If you’ve been involved in copywriting for any length of time, you’re painfully aware of how challenging it can be to grab the attention of your desired readers.
Once you succeed there, you still have an intimidating uphill climb ahead of you. It takes hard work to keep that attention, channel desire, and close the sale.
You may have heard it said that marketers and salespeople without a system for selling are at the mercy of the prospect’s system for not buying.
A million thoughts and emotions scream for attention. Distractions seem to pop up at least once a minute. Then there’s the ever-present resistance to “being sold.” Like I said, your copy has a tough uphill battle.
But what if you could leverage the mind’s strength against itself, much like a judo master redirects the force of an opponent?

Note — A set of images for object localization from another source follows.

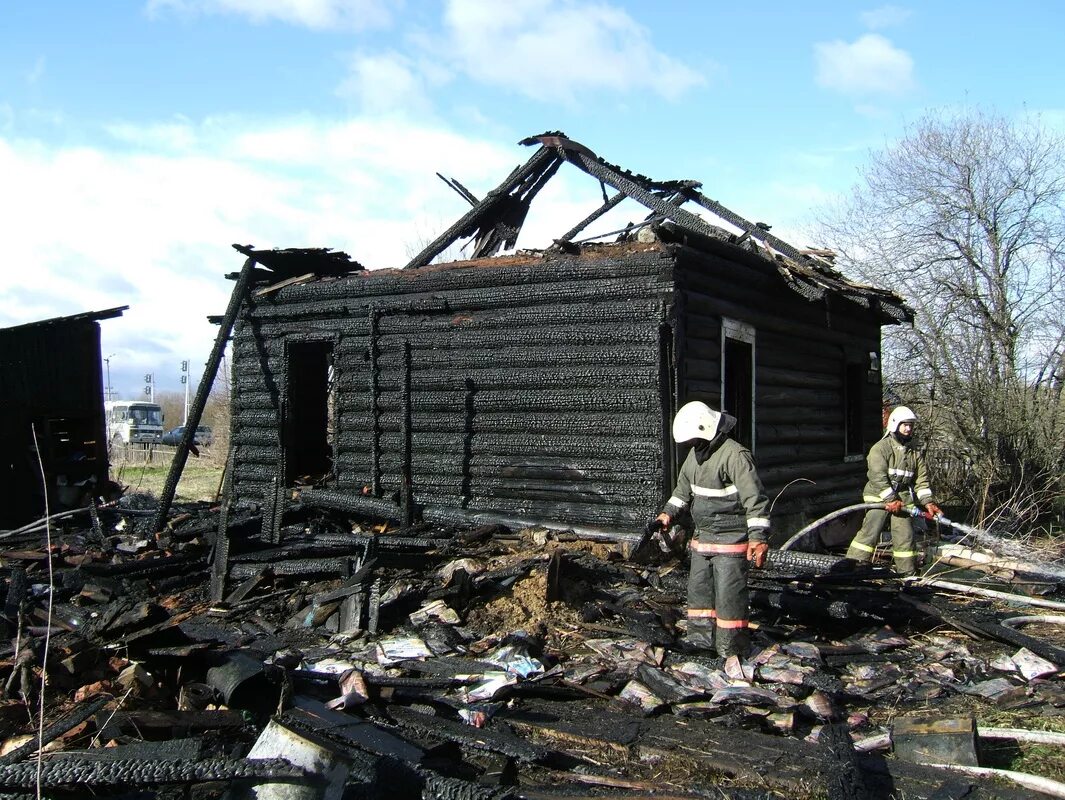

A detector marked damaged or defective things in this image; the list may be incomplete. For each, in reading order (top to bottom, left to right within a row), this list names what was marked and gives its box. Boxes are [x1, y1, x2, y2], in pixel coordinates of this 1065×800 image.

burned wooden house [0, 304, 125, 526]
burnt roof beam [402, 143, 562, 269]
charred corner post [189, 134, 907, 600]
burned wooden house [222, 134, 907, 539]
charred debris pile [0, 498, 1060, 796]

Let’s briefly consider 5 points of psychological leverage you can use in your copy. Each can strengthen your persuasive power by causing forces already active in the mind to overcome its own resistance.
1. Self-Perception
The most important factor in the buying decision is how people categorize themselves. The way they think about themselves and their place in the world affects everything they do.
To a tremendous degree, they choose products, services, and brands because of how they tie into their perception of themselves. That applies to both how they see themselves now, and how they hope to see themselves in the future.
For example, how many millions of dollars does Nike make selling equipment to people who are athletes? How many more millions do they earn from those who dream of being athletes?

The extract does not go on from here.